Community Speakers: Jasmine Sears and Israel Vaughn

    Date: 
    Friday, March 13, 2015 - 12:00pm - 1:00pm
    Location: 
    Meinel 408
    Description: 

    Ph.D. student Israel Vaughn will present "Bandwidth in Modulated Mueller Polarimeters." Ph.D. student Jasmine Sears will present "Elemental Composition Analysis of Self-Assembled Indium Islands."

    Abstract(s): 

    "Bandwidth in Modulated Mueller Polarimeters": Imaging polarimeters have been largely used for remote sensing tasks, and most imaging polarimeters are division-of-time or division-of-space Stokes polarimeters. Imaging Mueller matrix polarimeters, which can take data quickly enough to be useful for remote sensing tasks, have just begun to be constructed. Vaughn's group has constructed a full Mueller matrix polarimeter utilizing a hybrid modulation approach (modulated in both time and space) based on a micropolarizer-array camera and rotating retarders. They introduce a channel structure derived from the spatiotemporal modulation and optimize over control parameters to minimize channel crosstalk. They present an instrument utilizing this hybrid approach and illustrate issues with systematic errors induced from nonideal polarization elements.

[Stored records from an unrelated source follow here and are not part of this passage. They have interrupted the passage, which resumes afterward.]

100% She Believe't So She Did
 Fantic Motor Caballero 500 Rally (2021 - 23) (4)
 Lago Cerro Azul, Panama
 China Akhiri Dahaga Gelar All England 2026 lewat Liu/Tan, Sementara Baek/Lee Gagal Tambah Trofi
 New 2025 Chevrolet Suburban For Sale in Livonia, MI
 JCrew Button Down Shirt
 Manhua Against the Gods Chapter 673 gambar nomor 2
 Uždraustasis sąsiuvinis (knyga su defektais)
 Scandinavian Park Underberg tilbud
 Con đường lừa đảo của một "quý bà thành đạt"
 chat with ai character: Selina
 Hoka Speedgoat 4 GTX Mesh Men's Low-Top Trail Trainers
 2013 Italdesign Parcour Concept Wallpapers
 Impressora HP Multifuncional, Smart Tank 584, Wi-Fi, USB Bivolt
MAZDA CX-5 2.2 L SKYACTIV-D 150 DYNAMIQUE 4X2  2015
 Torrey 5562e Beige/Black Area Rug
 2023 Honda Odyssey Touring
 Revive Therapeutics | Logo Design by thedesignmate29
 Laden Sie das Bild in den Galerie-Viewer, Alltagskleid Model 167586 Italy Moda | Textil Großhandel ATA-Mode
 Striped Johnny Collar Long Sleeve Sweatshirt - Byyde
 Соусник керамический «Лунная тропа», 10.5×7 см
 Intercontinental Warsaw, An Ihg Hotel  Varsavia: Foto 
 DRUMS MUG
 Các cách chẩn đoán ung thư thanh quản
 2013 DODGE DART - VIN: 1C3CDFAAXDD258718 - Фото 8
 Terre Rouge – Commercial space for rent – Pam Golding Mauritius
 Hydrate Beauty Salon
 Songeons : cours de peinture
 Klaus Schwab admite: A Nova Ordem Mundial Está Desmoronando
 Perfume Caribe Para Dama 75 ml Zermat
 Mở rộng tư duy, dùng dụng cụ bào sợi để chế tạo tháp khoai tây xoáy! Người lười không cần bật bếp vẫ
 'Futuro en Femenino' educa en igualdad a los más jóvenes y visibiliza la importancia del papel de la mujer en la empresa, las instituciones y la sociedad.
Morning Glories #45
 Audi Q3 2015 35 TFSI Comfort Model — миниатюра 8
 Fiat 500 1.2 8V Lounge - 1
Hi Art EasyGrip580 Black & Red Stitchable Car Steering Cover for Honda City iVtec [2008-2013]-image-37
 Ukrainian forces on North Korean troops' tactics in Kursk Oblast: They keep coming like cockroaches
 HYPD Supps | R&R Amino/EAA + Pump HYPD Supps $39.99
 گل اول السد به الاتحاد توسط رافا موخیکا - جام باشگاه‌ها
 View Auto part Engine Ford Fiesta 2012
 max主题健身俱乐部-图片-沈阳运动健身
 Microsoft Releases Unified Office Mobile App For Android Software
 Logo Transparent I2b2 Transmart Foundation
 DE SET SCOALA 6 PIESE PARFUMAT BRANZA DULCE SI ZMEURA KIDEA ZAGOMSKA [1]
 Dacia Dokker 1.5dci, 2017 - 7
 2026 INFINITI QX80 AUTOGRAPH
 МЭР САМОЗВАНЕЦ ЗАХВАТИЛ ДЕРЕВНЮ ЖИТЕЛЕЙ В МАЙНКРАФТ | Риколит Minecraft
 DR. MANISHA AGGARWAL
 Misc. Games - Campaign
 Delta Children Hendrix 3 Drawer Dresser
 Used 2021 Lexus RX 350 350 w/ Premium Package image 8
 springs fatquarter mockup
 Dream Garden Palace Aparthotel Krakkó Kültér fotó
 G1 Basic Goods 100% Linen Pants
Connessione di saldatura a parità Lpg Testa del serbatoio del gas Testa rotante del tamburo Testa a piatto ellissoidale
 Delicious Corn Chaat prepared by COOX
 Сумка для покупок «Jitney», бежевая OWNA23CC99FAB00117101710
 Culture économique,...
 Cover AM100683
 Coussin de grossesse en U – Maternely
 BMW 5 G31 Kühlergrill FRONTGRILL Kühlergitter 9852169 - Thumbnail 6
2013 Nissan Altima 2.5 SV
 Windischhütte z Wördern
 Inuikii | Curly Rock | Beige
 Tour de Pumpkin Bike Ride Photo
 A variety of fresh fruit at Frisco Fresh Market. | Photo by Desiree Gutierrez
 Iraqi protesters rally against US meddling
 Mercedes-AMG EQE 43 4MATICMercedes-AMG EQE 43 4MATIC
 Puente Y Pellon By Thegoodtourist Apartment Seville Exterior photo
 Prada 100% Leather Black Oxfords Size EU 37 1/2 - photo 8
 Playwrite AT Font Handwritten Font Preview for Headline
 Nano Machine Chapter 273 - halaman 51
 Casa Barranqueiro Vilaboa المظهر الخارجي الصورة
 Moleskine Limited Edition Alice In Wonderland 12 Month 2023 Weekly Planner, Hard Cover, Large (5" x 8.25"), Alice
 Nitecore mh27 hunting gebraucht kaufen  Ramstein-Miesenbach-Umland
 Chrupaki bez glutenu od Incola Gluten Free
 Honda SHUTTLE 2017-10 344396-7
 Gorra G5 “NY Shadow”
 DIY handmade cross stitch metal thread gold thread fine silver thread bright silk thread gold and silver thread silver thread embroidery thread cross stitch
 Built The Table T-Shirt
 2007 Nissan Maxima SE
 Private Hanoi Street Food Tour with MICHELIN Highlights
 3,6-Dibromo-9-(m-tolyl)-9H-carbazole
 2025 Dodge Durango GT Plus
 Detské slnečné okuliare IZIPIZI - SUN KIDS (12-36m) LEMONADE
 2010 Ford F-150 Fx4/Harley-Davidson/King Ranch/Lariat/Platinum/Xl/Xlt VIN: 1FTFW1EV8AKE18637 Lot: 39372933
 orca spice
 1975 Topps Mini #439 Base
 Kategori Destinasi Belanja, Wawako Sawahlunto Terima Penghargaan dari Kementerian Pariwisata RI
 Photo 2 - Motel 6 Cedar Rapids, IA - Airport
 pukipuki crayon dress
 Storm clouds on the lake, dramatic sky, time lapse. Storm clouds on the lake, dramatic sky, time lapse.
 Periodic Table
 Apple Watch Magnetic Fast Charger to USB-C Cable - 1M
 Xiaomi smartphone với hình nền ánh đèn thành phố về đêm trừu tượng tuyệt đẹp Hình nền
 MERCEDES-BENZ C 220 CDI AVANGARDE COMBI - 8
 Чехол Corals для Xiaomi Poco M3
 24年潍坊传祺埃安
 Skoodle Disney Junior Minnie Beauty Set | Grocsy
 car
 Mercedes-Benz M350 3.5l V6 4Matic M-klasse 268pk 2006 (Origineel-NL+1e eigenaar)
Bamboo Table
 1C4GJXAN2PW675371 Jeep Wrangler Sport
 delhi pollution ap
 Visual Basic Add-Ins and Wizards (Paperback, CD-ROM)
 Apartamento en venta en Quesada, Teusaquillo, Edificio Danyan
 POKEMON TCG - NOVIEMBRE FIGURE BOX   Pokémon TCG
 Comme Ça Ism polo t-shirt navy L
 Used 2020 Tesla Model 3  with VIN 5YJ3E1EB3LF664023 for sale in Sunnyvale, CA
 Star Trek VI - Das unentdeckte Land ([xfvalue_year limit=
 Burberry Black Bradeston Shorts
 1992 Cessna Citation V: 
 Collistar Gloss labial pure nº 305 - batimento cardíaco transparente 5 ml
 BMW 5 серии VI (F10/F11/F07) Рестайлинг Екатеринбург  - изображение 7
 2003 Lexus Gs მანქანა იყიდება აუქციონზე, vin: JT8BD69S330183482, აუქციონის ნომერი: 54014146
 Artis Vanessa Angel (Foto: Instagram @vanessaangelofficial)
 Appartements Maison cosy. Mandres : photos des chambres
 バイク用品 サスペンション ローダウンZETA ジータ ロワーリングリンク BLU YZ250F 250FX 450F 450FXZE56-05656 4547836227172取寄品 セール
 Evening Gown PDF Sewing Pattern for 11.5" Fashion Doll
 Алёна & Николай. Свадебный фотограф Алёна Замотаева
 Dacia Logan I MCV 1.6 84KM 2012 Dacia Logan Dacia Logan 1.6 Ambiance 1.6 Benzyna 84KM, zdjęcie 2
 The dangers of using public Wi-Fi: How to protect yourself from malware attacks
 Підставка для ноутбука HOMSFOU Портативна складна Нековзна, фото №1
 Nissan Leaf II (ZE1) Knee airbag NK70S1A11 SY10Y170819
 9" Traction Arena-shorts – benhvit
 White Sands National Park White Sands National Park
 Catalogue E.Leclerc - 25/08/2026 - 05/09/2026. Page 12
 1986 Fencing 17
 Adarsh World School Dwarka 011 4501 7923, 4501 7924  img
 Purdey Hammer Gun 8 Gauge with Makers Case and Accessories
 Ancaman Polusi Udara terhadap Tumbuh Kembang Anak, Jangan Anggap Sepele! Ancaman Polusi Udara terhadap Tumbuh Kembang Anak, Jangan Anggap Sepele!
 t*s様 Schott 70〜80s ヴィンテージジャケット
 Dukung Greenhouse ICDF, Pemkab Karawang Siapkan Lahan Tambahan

    "Elemental Composition Analysis of Self-Assembled Indium Islands": Metallic nanostructures can act as optical antennas, interacting with near-visible light instead of long radio waves. E-beam lithography has been used to fabricate arrays of silver nano-antennas, but this process isn’t scalable and can be finicky. What if we could coax these nano-antennas into assembling themselves, instead? Using transmission electron microscopy and energy dispersive spectroscopy, Sears will examine the purity and structure of self-assembled indium islands to evaluate their potential as near-infrared antennas.